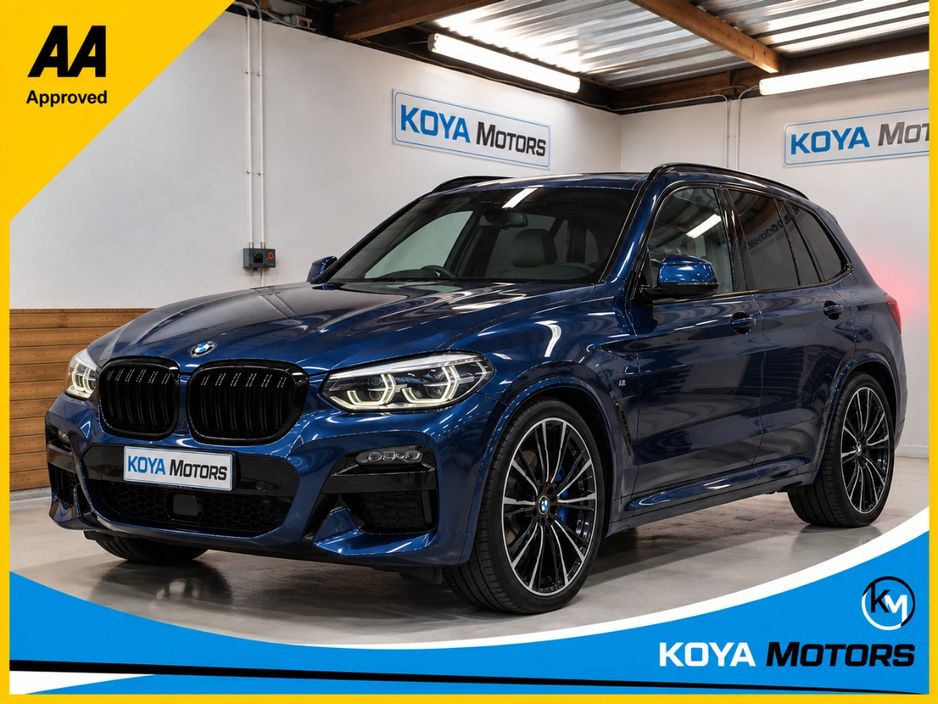 Image for 2021 BMW X3 XDRIVE20D MSPORT PRO M-PERFORMANCE DIESEL AUTOMATIC // PHYTONIC BLUE // HEADUP DISPLAY // LED MATRIX LIGHTS // HEATED SEATS // UPGRADED X3M WHEEL PACKAGE // PRIVACY PACK // 360* SURROUND CAMERA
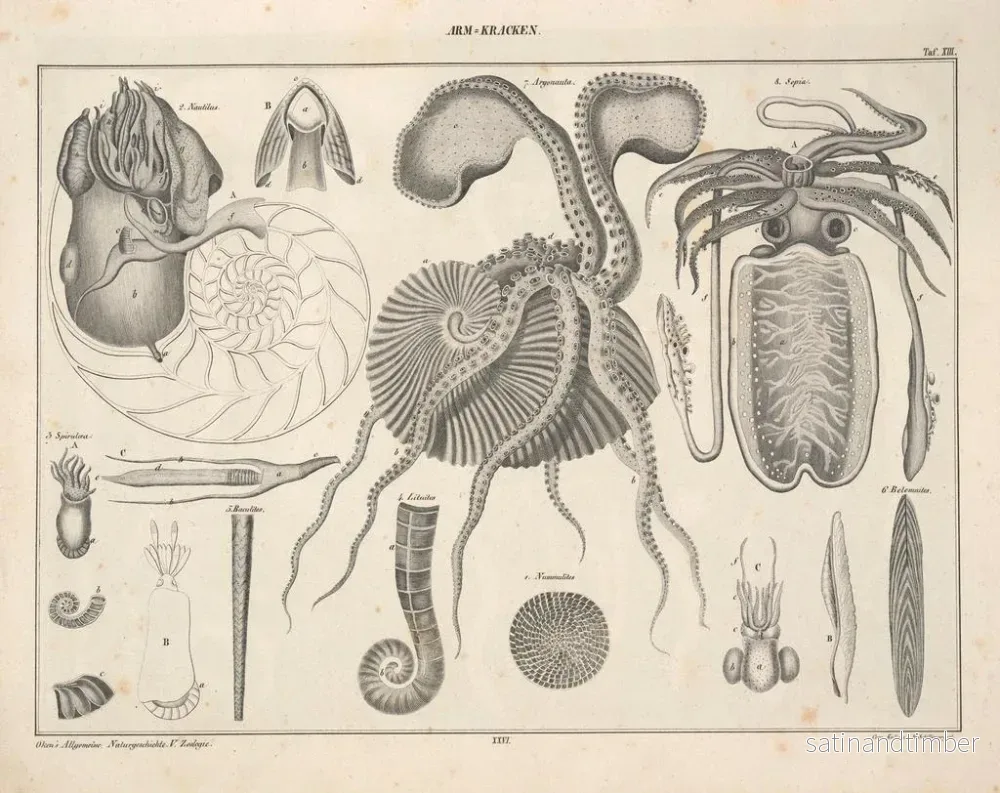 Reproduktion av målningen Illustrationer av den allmänna naturhistorien av Oken för alla tillstånd Pl072 - Lorenz Oken - Bild 2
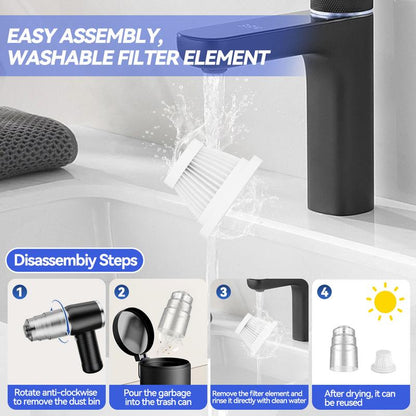 Powerful 2-In-1 Handheld Cordless Vacuum Cleaner for Home, Car & Desktop - Effortless Cleaning Anywhere!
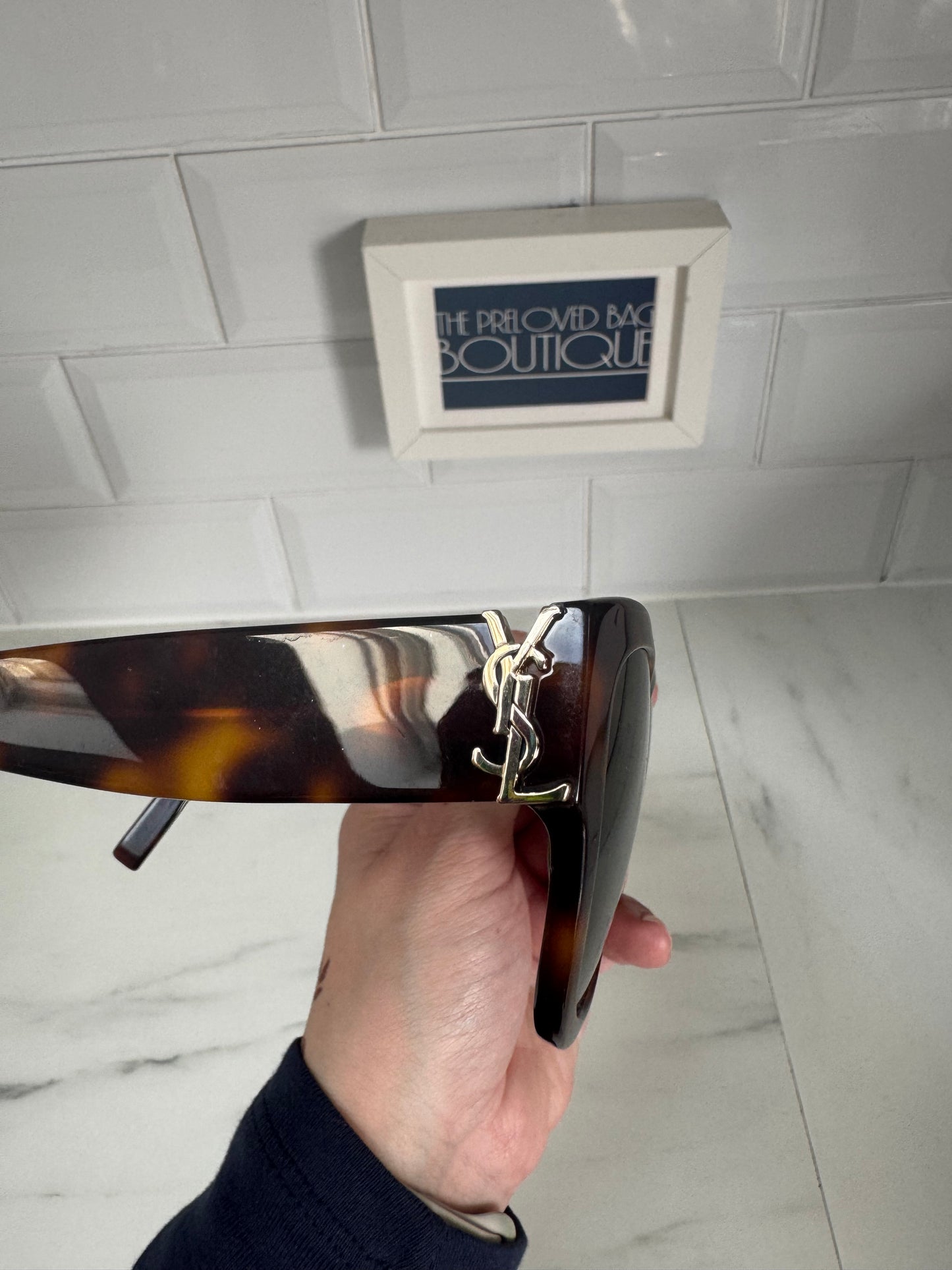 Saint Laurent (YSL) Sun SL/M95 Sunglasses - tortoiseshell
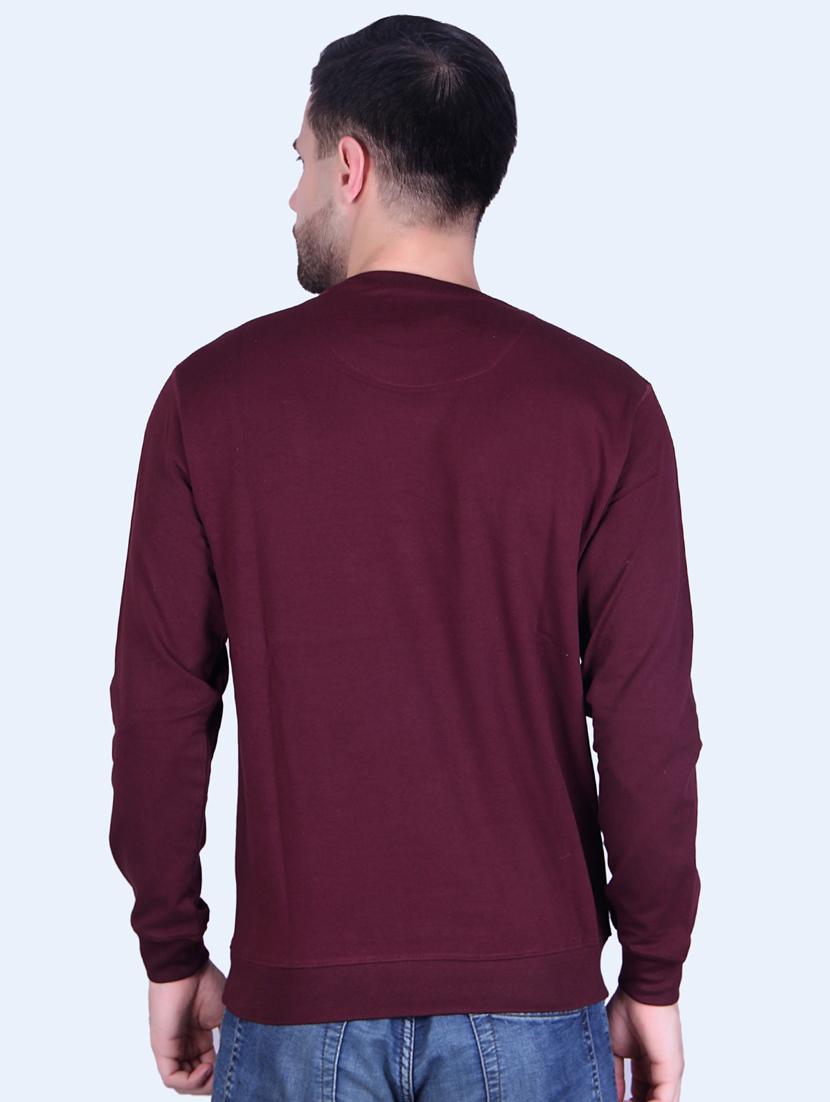 burgundy chest print sweatshirt - 18498475 - Standard Image - 2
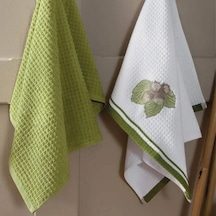 Maxstyle Pamuk Mutfak Havlusu 40x60 Cm 2li Fındık Çok Renkli
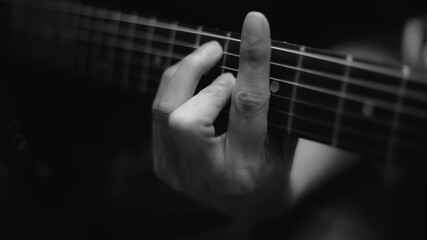 person playing guitar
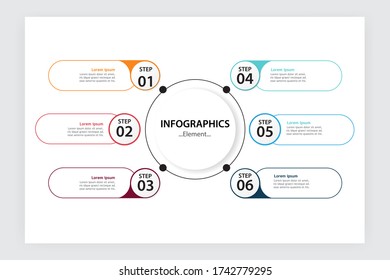 Vector Infographics template editable for business or education presentation can be used for workflow layout, diagram, annual report. vector design illustration eps.10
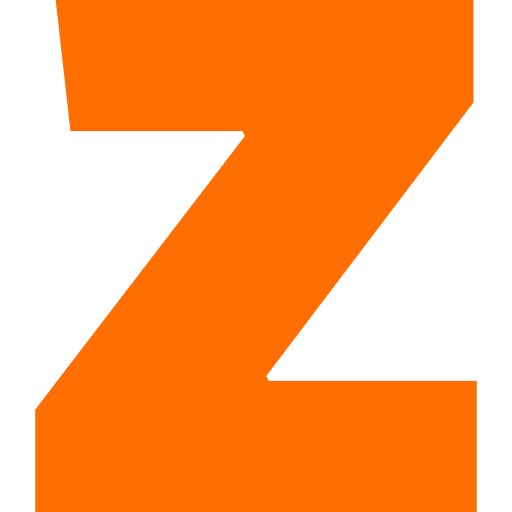 Letter Z Orange Transparent Icon in SVG, PNG formats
*-*-*
For this answer, return word for word the lines from the first line of the records through the line containing "Saint Laurent (YSL)". Omit the pictures.

 Image for 2021 BMW X3 XDRIVE20D MSPORT PRO M-PERFORMANCE DIESEL AUTOMATIC // PHYTONIC BLUE // HEADUP DISPLAY // LED MATRIX LIGHTS // HEATED SEATS // UPGRADED X3M WHEEL PACKAGE // PRIVACY PACK // 360* SURROUND CAMERA
 Reproduktion av målningen Illustrationer av den allmänna naturhistorien av Oken för alla tillstånd Pl072 - Lorenz Oken - Bild 2
 Powerful 2-In-1 Handheld Cordless Vacuum Cleaner for Home, Car & Desktop - Effortless Cleaning Anywhere!
 Saint Laurent (YSL) Sun SL/M95 Sunglasses - tortoiseshell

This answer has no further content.